I have just
been reading Animal Spirits. Subtitled: How Human Psychology drives the economy
and why it matters for global capitalism. It's a surprisingly readable
book - and coauthored by George Akerlof, a man who won the Nobel Prize for
economics in 2001 for a 1970 paper entitled "The Market for Lemons: Quality Uncertainty
and the Market Mechanism".
Akerlof's Lemons paper should be interesting to marketing folk on two counts.

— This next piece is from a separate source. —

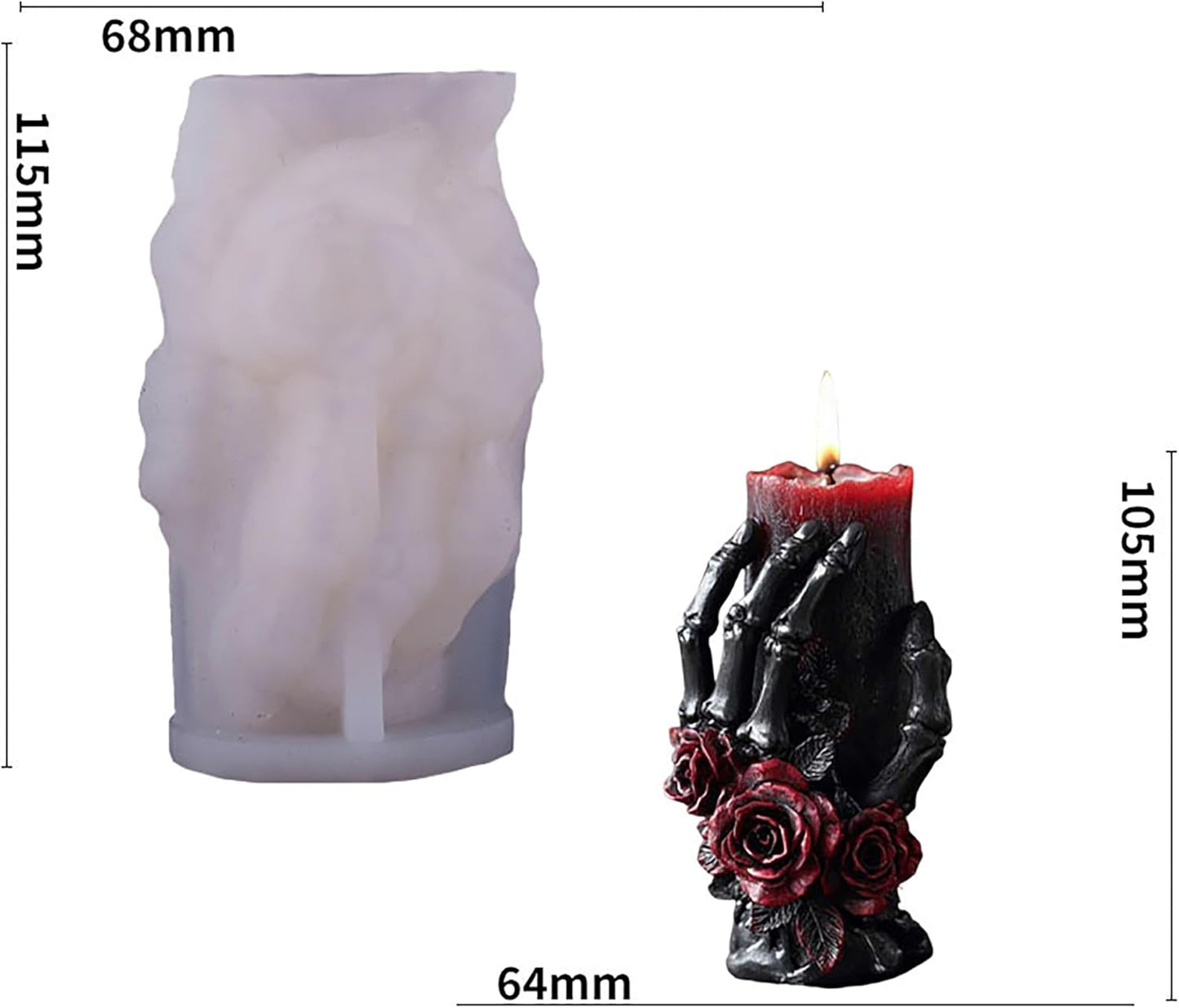 Skull Hand Ghost Cylinder Molds Silicone Wave Spiral Candle Mold - Silicone Resin Casting Molds for Candle & Resin & Soap Craft Supplies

For one thing, the article spawned a discipline known as information
economics - along with useful concepts such as signalling,
this field has created an area of study invaluable to anyone who wants to
present the economic case for building brands.
The second
interesting thing about the Nobel-prize-winning paper is that, before it was
finally published, it was repeatedly rejected by academic journals on the
grounds that its subject-matter was too trivial to be worth printing. Which
suggests that, just as advertising does, high-level academia has that category
of work which somehow straddles the line between infantilism and genius. I
suppose Compare the Meerkat, Shake 'n' Vac and (greatest of all) www.rainhamsheds.co.uk would all
be examples of this kind of work. A magical type of work which, incidentally,
the planning function in advertising, with its tedious reliance on logic, tends
to destroy. But I digress.
Reading the book above, I came across this interesting paragraph, in
which the authors ask why, if we are all so driven by rationality, personal rates of saving
in China are nearly 20% of GDP while in the US they are near zero.
"The Governments of both the United States and China have wanted to promote
personal saving for many decades. Since the early 1950s the US has promoted
saving with special tax incentives, such as individual retirement accounts,
401(k) and 403(b) plans and savings bond campaigns.
"In communist China,
where there was no income tax, efforts to spur saving took the form of
propaganda campaigns.... A 1953 paper shows a group of happy, smiling workers
turning in cash for government bonds at the People's Bank of China. A 1990
poster shows a smiling Lei Feng...writing the word 'save' on a money box. In
the 1990s big red banners were hung in the streets: 'Saving is Glorious'. These
campaigns, which made saving everyone's patriotic duty, set the stage for
today's high savings rates."
This raises a few questions. First of all,
why - other for psychological reasons - do the Chinese save more than even
fairly wealthy Americans? If logic were the driver, would it not be the other
way round? After all, perhaps more than 50% of Americans have more material
possessions than they can possibly need, while many of the frugal Chinese are
living in meagre circumstances. This is a massive behavioural difference - it drives the entire world economy - and yet it is not merely affected by "animal spirits", it is exclusively driven by them.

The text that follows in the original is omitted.